ペアプログラミングについて書かれた本です。

本書は5部で構成されています。

 第1部:ペアプログラミングの説明

 第2部:ペアプログラミング実践上の詳細(ベストプラクティスや机の配置など)

 第3部:さまざまな種類のペアのメリットとデメリット

 第4部:ソフトウェア開発プロセス(XP, CSP)でのペアプログラミングに関する事例

 第5部:将来の方向性(既存の枠を超えたペアプログラミング, 有能なペアプログラマの7つの習慣, 付録)

面白かった部分

第1部 理解の習得

学生を対象とした実験。ペアプログラミングしたグループはしなかったグループと比べ、

  • 納期が安定する(期日内に課題を提出する)
  • コードが20%短くなる(設計がより良くなる、保守コストが減少する)

とのこと。工数が増加しないのは意外でした。

第3部 ペアプログラミングパートナー選択の法則

ペア選択のメリット、デメリット、対処方法の説明。各章冒頭の例はユーモアがあり面白かったです。

以下の組み合わせが参考になりました。

  • 専門家、平均的な人、新人
    • 技術レベルの分類
      • 専門家:説明できる
      • 平均的な人:できるけれど、説明できない
      • 新人:できない
    • 専門家と専門家のペアは、お互いへの尊敬。
    • 専門家と平均的な人のペアは、コミュニケーション。
    • 専門家と新人のペアは忍耐が大事だそうです。
  • 外交的、内向的
    • 自身のコミュニケーションパターンを把握して、相互理解に努めるのが大切だと感じました。

また、「第23章 過少な自尊心の問題」にあった、「とても賢い」は存在しない。
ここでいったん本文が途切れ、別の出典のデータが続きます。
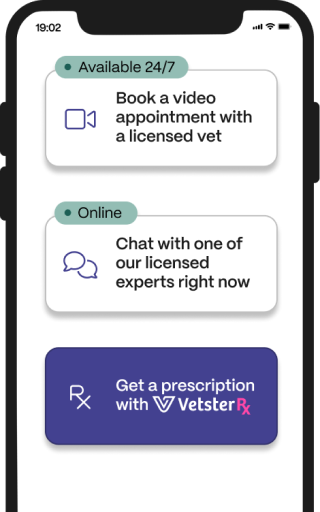 Vet app for video appointments, chat, and prescriptions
ペアプログラミングでは全ての人に貢献できることがある。という言葉も刺さりました。どちらかというと自信が無い方なので。

理解できなかった部分

付録B ペアプログラミングの経済上の分析

経済上の分析はよく分からず飛ばしました。データが古い(199X〜年)からいいかなって。基本情報、応用情報で見た単語があるなあと思いました。

感想

監修者あとがきにあるように、この本はペアプログラミングだけでなく、あらゆるチーム開発に役立つと感じました。

ペアプログラミングはコミュニケーションが無いと成り立ちません。コミュニケーションはペアプログラミングでなくとも仕事で必要になるからです。

現在は会社に所属しておらず、組織にペアプログラミングを浸透させる機会は無いですが、組織に属してペアプログラミングを導入したいと思った場合は4, 5章が役に立ちそうです(ただし、万人にペアプログラミングが向いているわけではないそうです)。

またペアプログラミングしたいなあと思う1冊でした。